Nonetheless, the state government has not failed to blow its own trumpet regarding progress being made in accelerating human capital development. Chief among others is the consistency in meeting the recommended budgetary allocation of 15 percent to the health sector and 26 percent to the education sector. The state government has also set-up the Human Capital Development Council headed by the Deputy Governor, Dr Hadiza Balarabe, and made up of heads of relevant government Ministries, Departments & Agencies.
As laudable as the achievements seem, they need to be subjected to scrutiny base on outcome targets, not just service delivery output. The result framework in the State Development Plan should provide the basis for measuring the government’s performance towards meeting the Human Capital Development outcome targets. However, special focus on assessing budget performance will be appropriate in the absence of public availability of monitoring and evaluation reports by the government.
A review of the State’s budget performance over the years provides an objective testament of public investments in accelerating human capital development. According to the Kaduna State 2017 Annual Budget Implementation report, about 49.3 billion naira was allocated to the education sector as capital expenditure, out of which only 12.5 billion naira was actually released, a performance of 25.43 percent.
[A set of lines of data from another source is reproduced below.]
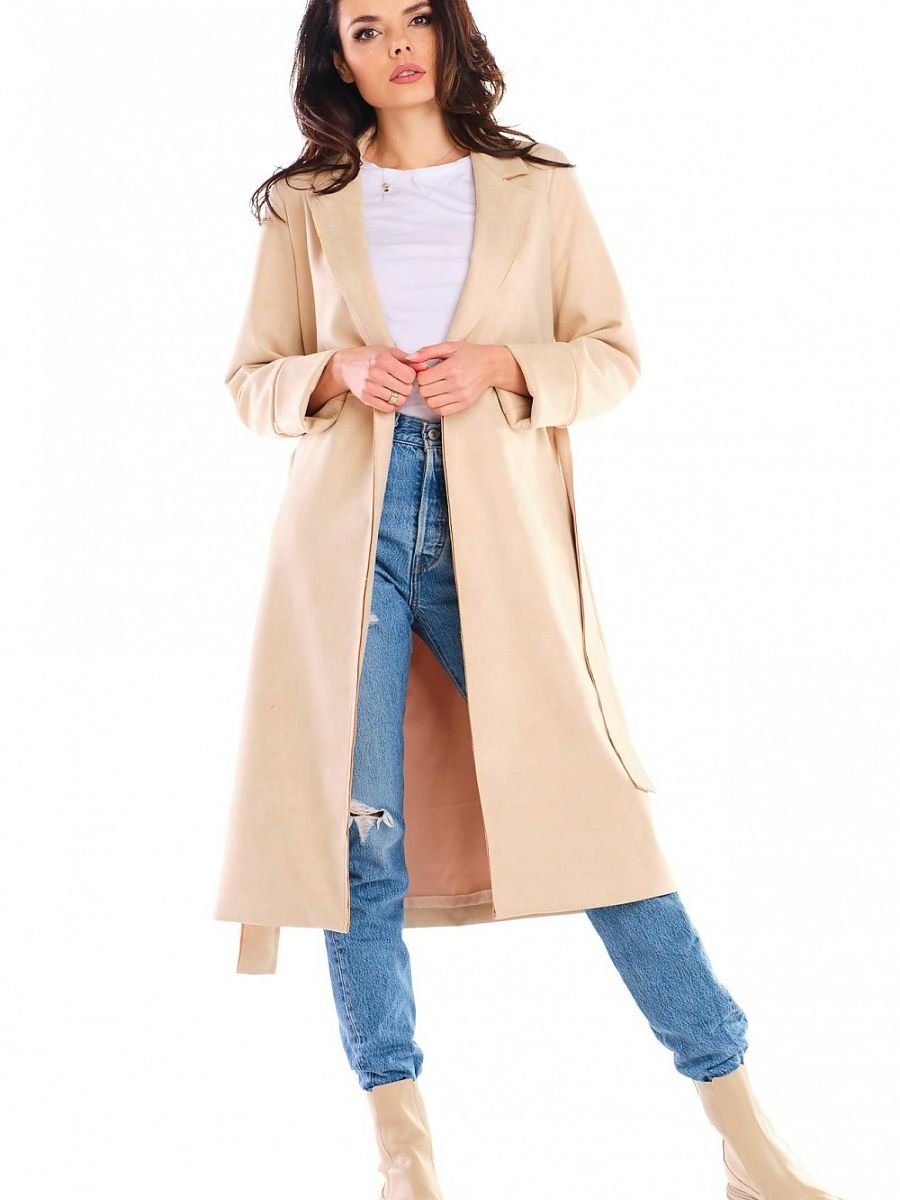 Coat model 158741 Beige by awama - Coats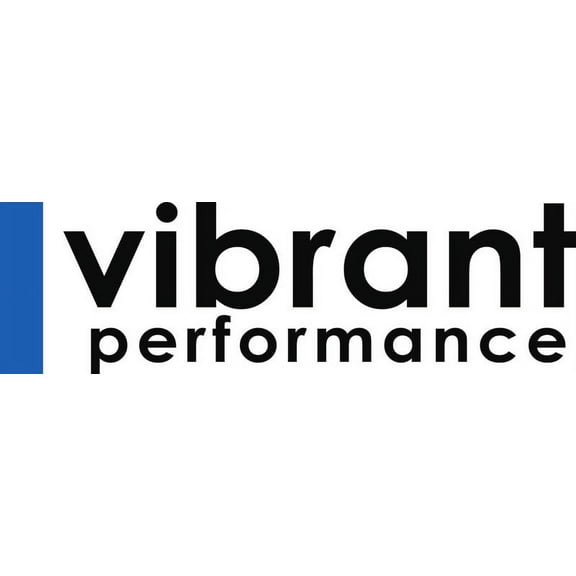 Vibrant -10AN Forged Aluminum Non Swivel Hose End for PTFE Lined Hose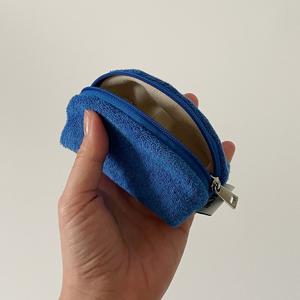 미니 테리 파우치 Cobalt Blue 키링 파우치 여행용 파우치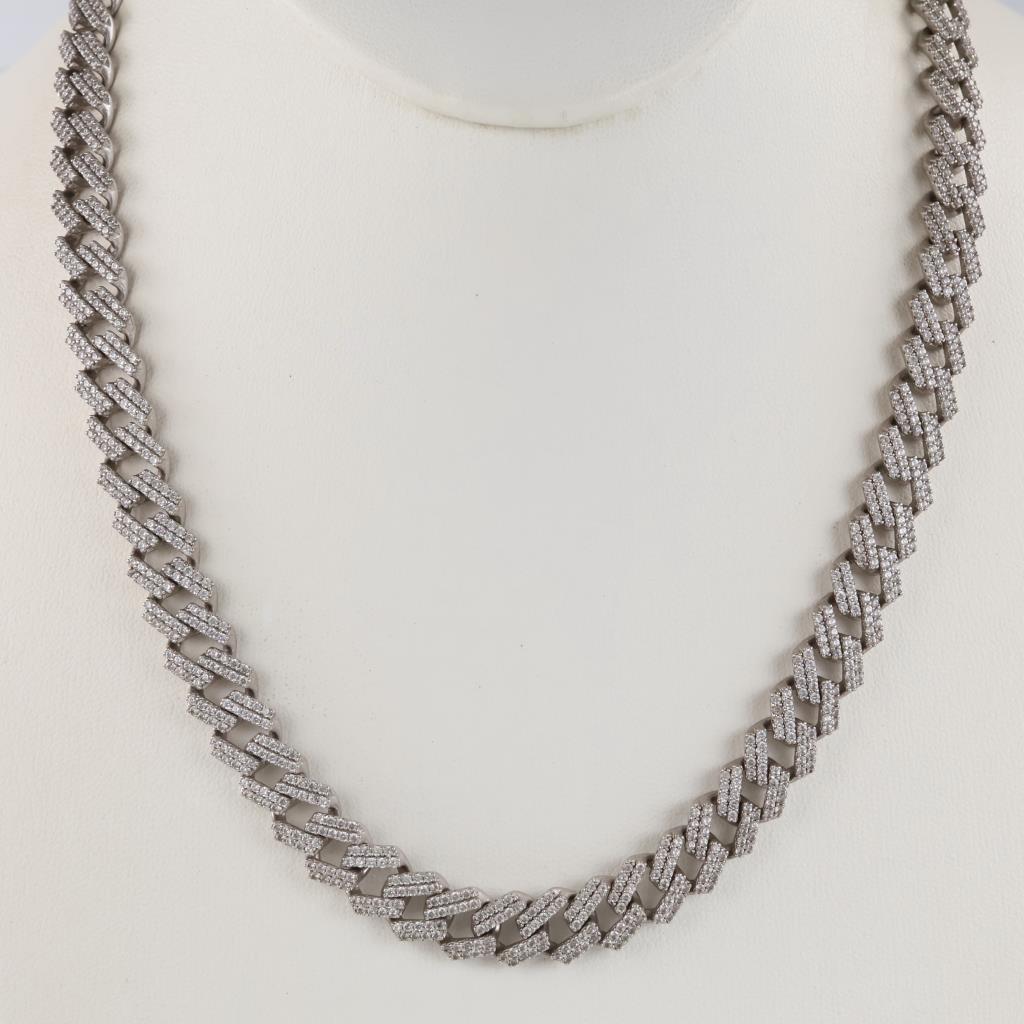 Sterling Silver Clear Stone Necklace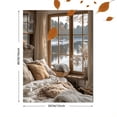 thumbnail image 3 of Qisvanset Framed Canvas Wall Art 12x16 Inch Romantic Swan Lake Winter Farmhouse Home Decor, 3 of 5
Similarly, in the health sector about 10.5 billion naira was budgeted, with only 4.5 billion naira released, a 43.29 percent performance.
Subsequently, the performance in the two sectors has also not been very impressive. In the education sector in 2018, 31.7 billion naira was budgeted for capital expenditure, but only 7.6 billion naira was released; and in 2019, about 25.4 billion naira was allocated with only 7.6 billion naira released. Similarly in the health sector in 2018, 17.6 billion naira was budgeted, with only 5.5 billion Naira released; while in 2019, 13.2 billion naira was allocated but only 5.5 billion Naira was released.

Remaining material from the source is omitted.